▸ Exercise details: Find, in the records below, the line that contains "1 chambre, accès à Internet, literie fournie" and the line that contains "Original OKI 44318504". Copy those two lines and everything between them exactly, but not the pictures.

+++ Exercise data

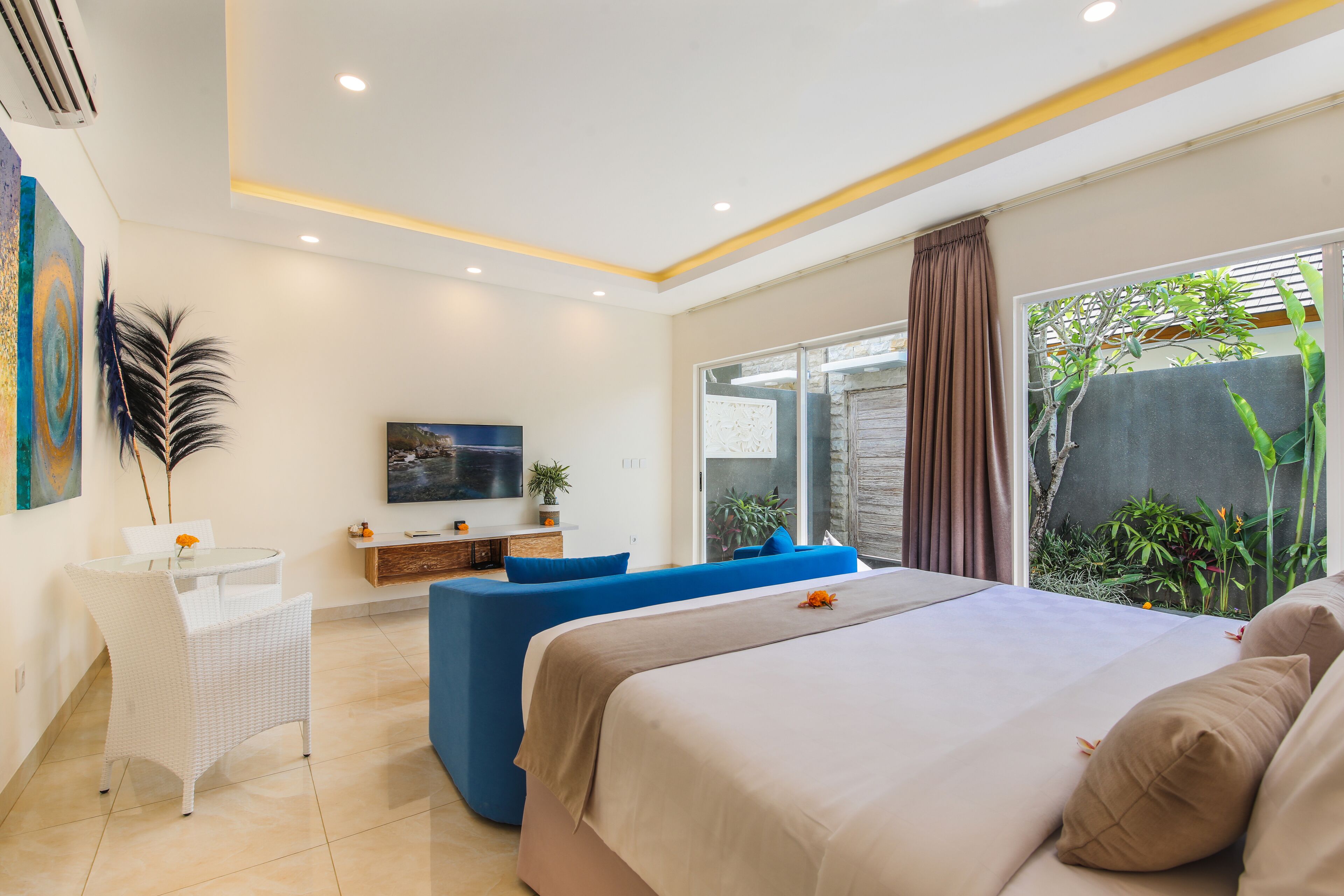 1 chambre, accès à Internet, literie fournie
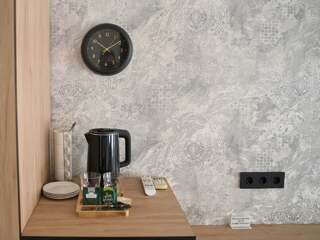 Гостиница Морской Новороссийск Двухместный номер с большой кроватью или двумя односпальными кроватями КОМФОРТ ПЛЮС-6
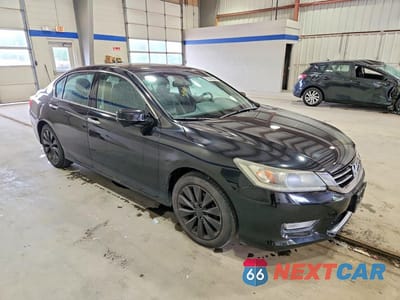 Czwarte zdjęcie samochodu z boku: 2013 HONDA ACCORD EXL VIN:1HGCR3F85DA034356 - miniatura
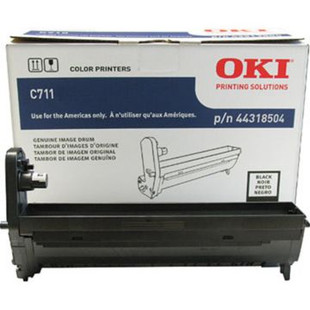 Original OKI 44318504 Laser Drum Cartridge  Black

++++++
+++ Exercise data

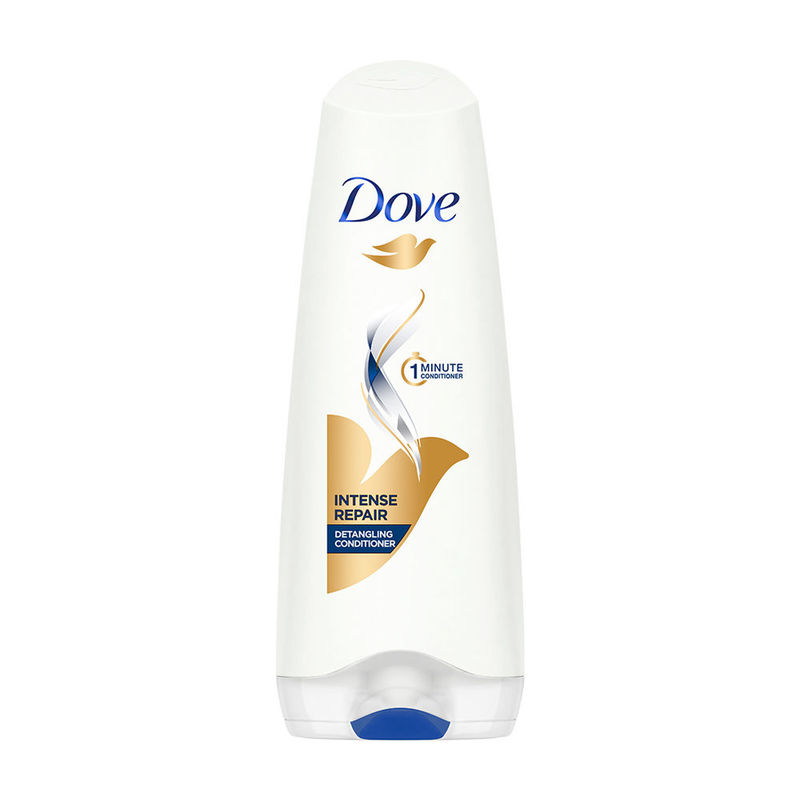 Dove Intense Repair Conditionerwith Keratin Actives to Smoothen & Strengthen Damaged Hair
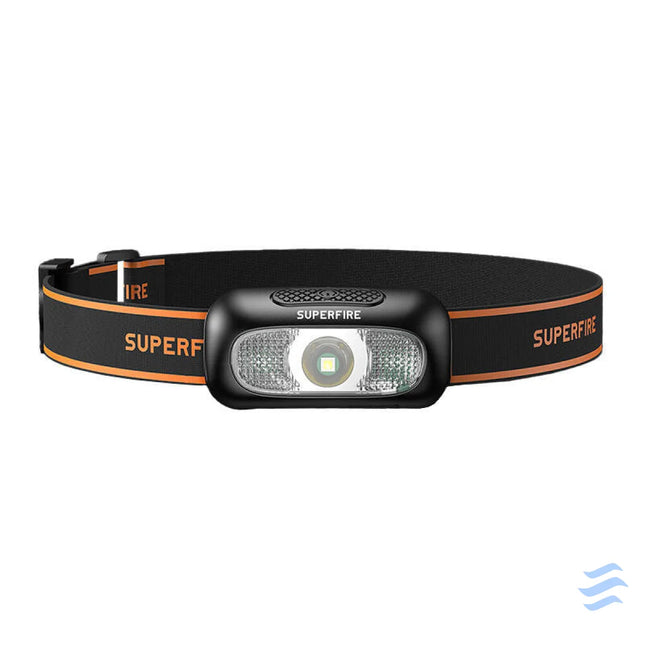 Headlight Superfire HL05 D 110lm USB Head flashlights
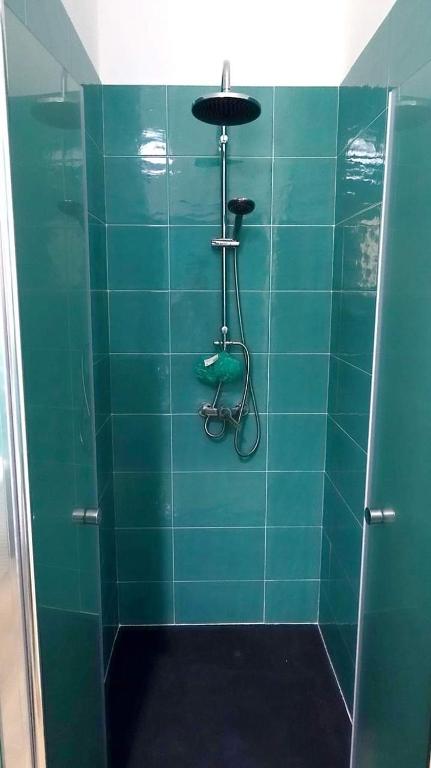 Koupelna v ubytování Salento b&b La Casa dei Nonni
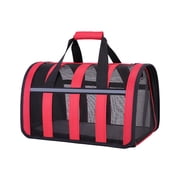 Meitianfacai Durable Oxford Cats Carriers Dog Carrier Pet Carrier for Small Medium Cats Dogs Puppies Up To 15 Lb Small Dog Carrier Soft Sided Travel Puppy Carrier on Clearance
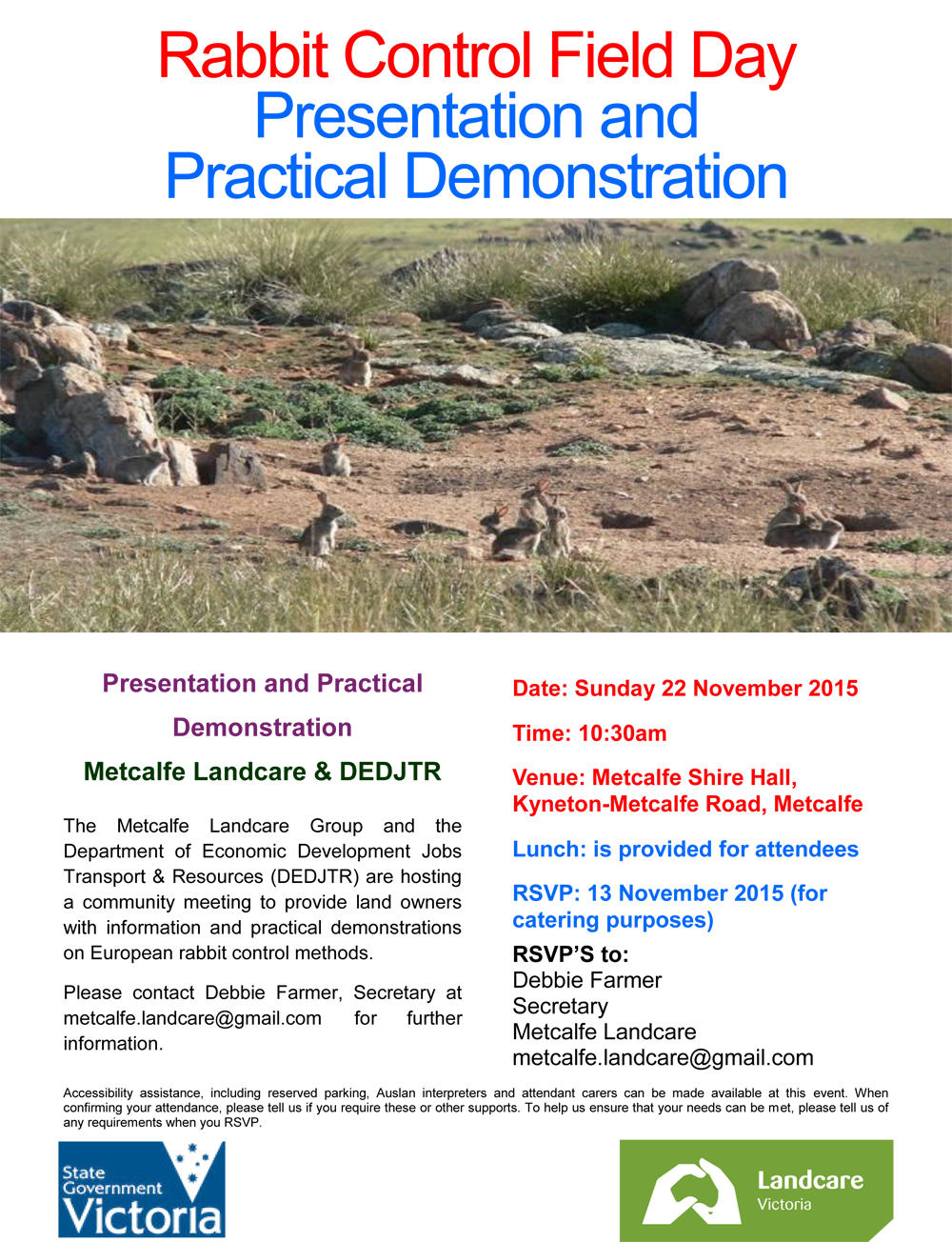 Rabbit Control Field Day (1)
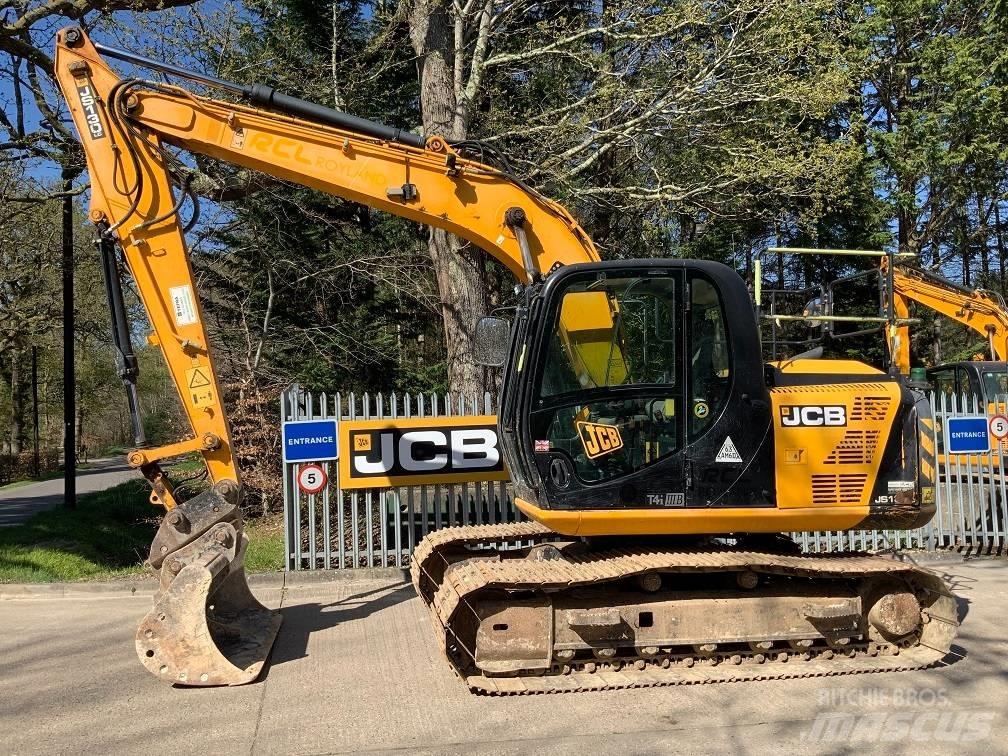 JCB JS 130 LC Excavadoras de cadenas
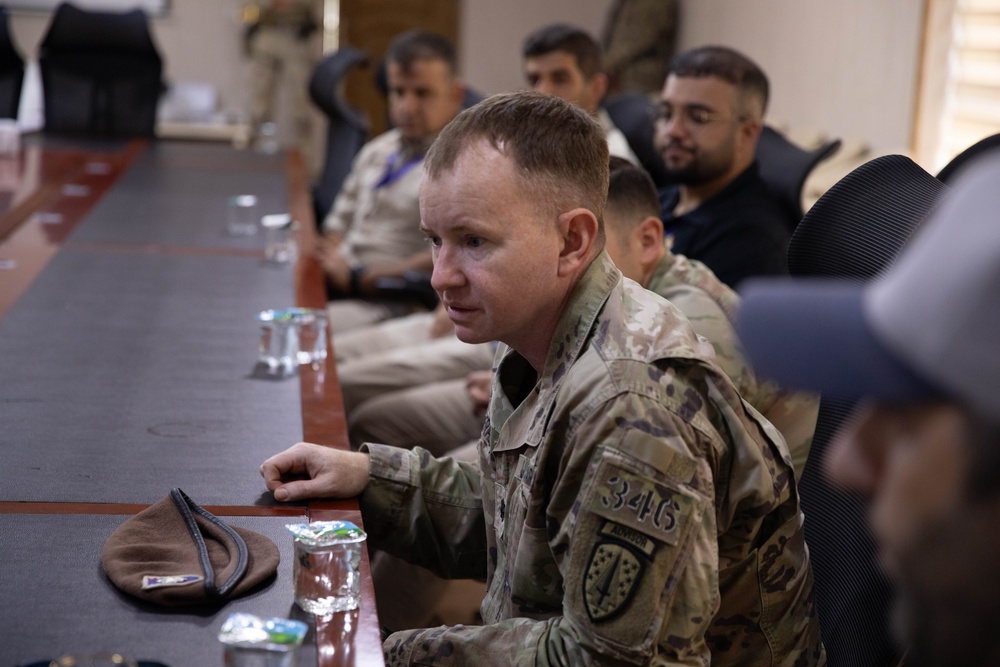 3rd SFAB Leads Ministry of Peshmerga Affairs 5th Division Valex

++++++

▸ Answer space:
 1 chambre, accès à Internet, literie fournie
 Гостиница Морской Новороссийск Двухместный номер с большой кроватью или двумя односпальными кроватями КОМФОРТ ПЛЮС-6
 Czwarte zdjęcie samochodu z boku: 2013 HONDA ACCORD EXL VIN:1HGCR3F85DA034356 - miniatura
 Original OKI 44318504 Laser Drum Cartridge  Black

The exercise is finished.